Depending on where you lurk on the Net, you may have run across this passage:

Be sure the patient remains completely fixated on politics. Arguments, political gossip, and obsessing on the faults of people they have never met serves as an excellent distraction from advancing in personal virtue, character, and the things the patient can control. Make sure to keep the patient in a constant state of angst, frustration, and general disdain towards the rest of the human race in order to avoid any kind of charity or inner peace from further developing. Ensure the patient continues to believe that the problem is “out there” in the “broken system” rather than recognizing there is a problem with himself.

Keep up the good work,
Uncle Screwtape

“Screwtape Letters” by C.S. Lewis ~1942

One of my cousins posted this recently on Facebook.

Also depending on your alertness and your familiarity with Lewis and his works, you may or may not have additionally spotted the following caveat. “Screwtape’s ‘fixated on politics’ quote”, notes Joshua Dance, “is not by C.S. Lewis. You and I may like the idea, but proceed with caution.”

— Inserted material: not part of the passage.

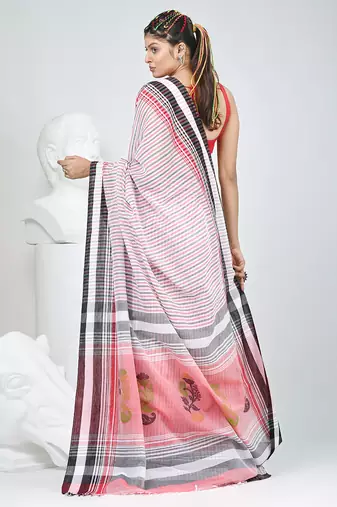 White & black striped cotton saree with red accents and stripe pattern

How perfect for my purpose here: to use a wrongly-attributed quotation in the process of desconspiracizing ourselves. What ideas do we like, and how cautious are we — can we be — should we be — with them as we proceed?

And does this piece of wisdom still retain any value, once we uncouple it from its famous but misidentified source?

If you think it does, I invite you to keep reading. (If not, here’s the new-as-of-June trailer for Voldemort — Origins Of The Heir, a fan-film.)

Human liking for conspiracy theories is by almost all accounts wonderfully unbiased in its spread. Liberal, Conservative, Libertarian, Communist, Anarchist — whatever colors I fly on my mast, I’m just as susceptible to a theory that fits my prejudices as the next person. No one’s immune. In my book that qualifies as a “problem with myself”. Fortunately, remedies exist. Maybe not cures, but remedies.

Here, after a completely unscientific search, are seven news links [ Paul RatnerThe Independent | The Telegraph | Time | The Guardian| Conspiracies.net6 True Conspiracy Theories ] to some of the most popular conspiracy theories out there in the English-speaking world. (Those of you with a foot in other linguistic and cultural communities have your own favorites that you know far better than I.)

And if you’d like just one of many available pages pointing out the logical fallacies underpinning conspiracy thinking, here’s an example that offers 13 fallacies.

My main goal in this post? I want to remind myself most of all, and any of you so inclined, to  continue the work needed to minimize the effect of conspiracy thinking. Secondarily, I want to refresh my understanding of ways of thinking and doing — like Druidry — that can “distract me from the distractions”.

Two things I’ve learned over decades to treasure and nourish in myself and my dear ones more than anything else: what I choose to attend to, and how I choose to attend to it. In other words, attention and attitude.

We know how valuable our attention is because advertisers and politicians work so hard to get it and hold on to it. Our attitude matters just as much: everyone wants to tell us how to feel, rather than letting us discover that on our own.

Once someone has my attention hooked, and my attitude in their pocket, they own me.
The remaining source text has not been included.